Negli Stati Uniti ci si pone l’interrogativo su quanto spazio di manovra ci sia effettivamente nel testo di legge e quali conseguenze porti. Nel testo è scritto che la discriminante per la decisione di rimozione dei link da parte di Google è basata sul “vecchio” o “irrilevante”.  Ma Henry Blodget su Business Insider fa un esempio estremamente calzante per spiegare le perplessità che una tale definizione concerne: “una causa per negligenza nei confronti di un medico di 7 anni fa può essere classificato come dato “vecchio” o “irrilevante”? Dal punto di vista del medico, potrebbe essere. Dal punto di vista del potenziale paziente, tuttavia, potrebbe essere importante.” Questo tipo di controversia può essere applicato praticamente a tutto.

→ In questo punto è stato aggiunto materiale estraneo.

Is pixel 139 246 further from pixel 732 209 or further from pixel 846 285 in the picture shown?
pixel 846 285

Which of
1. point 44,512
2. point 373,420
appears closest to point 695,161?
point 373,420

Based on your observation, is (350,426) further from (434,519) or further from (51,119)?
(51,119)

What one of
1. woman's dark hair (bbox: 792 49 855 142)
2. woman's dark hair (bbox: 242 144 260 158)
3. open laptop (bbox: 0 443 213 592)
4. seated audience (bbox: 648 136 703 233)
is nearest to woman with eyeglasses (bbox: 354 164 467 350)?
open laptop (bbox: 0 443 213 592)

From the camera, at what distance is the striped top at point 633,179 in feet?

Anche tra gli hacktivisti di tutto il mondo il dibattito è in corso e di non facile risoluzione, come testimonia questo tweet:

In ogni caso, i dubbi di carattere strutturale sulla sentenza arrivano da Luciano Floridi, filosofo italiano incluso nella Commisione di Google per il Diritto all’Oblio, il quale, intervistato da Fabio Chiusi per Wired, afferma:

Nel caso in questione (quello di Mario Costeja Gonzalez, ndr), rimuovere un link a una informazione accurata, completa e corretta non mi sembra la soluzione: più che altro, il tentativo di arrivare a un compromesso che non mi soddisfa. Da un lato ci sono gli abusi, dall’altro abbiamo messo Google alla direzione della censura. Da un lato, c’è il fondamento liberal-democratico, i diritti umani da preservare; dall’altro, l’applicazione finisce per fare di Google, o l’azienda di domani, il gatekeeper dell’informazione a cui gli utenti possono o non possono avere accesso a seconda delle richieste inviate a Google o a quell’azienda. C’è un contrasto nella coerenza del disegno: ci aspetteremmo fossero altri a controllare, Google non dovrebbe essere in quella posizione. Ma ce l’abbiamo messo con una decisione legale”.